[Dataset records — start]

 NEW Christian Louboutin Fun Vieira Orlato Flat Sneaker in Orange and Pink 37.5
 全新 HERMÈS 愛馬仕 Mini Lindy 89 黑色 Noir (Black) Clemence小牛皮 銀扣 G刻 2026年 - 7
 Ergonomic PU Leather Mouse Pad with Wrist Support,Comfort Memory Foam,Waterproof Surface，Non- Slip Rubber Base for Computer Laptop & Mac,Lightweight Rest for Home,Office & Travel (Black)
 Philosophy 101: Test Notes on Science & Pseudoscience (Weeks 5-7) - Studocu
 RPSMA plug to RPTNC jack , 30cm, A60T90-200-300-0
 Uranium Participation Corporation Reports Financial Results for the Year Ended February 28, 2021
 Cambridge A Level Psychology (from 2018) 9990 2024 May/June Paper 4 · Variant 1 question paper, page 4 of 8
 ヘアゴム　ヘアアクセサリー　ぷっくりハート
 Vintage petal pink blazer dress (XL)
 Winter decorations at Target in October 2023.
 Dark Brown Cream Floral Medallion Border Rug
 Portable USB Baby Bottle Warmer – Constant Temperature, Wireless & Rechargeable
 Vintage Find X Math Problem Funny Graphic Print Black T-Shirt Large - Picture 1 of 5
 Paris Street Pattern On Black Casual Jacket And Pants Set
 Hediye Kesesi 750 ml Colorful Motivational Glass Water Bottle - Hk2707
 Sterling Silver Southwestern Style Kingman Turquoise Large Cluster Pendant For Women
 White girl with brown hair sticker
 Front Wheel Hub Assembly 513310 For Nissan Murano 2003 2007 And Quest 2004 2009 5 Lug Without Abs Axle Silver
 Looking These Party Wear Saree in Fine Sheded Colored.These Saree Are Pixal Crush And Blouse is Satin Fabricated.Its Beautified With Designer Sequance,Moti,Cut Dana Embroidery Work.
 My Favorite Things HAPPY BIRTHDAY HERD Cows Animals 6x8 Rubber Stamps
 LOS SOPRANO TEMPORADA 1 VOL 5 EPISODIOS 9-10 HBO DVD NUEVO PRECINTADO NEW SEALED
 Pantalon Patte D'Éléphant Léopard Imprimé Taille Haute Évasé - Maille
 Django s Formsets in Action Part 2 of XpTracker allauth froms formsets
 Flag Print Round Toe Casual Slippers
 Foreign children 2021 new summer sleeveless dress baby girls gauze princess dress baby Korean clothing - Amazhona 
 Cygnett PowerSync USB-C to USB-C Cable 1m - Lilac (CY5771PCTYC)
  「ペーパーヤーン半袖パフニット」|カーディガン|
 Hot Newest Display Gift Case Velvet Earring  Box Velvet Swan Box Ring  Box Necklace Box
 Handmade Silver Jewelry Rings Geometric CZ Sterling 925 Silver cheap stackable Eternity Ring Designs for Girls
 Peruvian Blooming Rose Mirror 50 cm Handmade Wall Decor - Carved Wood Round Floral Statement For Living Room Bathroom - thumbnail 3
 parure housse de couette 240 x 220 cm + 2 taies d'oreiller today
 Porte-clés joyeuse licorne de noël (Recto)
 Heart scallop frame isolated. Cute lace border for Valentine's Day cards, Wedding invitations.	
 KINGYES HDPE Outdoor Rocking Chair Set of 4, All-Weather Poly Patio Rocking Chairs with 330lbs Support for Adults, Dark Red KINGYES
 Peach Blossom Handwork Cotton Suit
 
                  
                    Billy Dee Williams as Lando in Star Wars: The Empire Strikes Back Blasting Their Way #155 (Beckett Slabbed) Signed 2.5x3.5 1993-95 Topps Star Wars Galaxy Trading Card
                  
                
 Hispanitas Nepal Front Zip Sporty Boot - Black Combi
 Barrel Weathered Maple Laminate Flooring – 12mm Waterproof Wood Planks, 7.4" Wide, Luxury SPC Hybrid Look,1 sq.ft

[Dataset records — finish]

Out of the data above, transcribe exactly and only the lines starting with the line that has "Django s Formsets" and going on through the line that has "Hot Newest Display", both included.

[Expected answer]
 Django s Formsets in Action Part 2 of XpTracker allauth froms formsets
 Flag Print Round Toe Casual Slippers
 Foreign children 2021 new summer sleeveless dress baby girls gauze princess dress baby Korean clothing - Amazhona 
 Cygnett PowerSync USB-C to USB-C Cable 1m - Lilac (CY5771PCTYC)
  「ペーパーヤーン半袖パフニット」|カーディガン|
 Hot Newest Display Gift Case Velvet Earring  Box Velvet Swan Box Ring  Box Necklace Box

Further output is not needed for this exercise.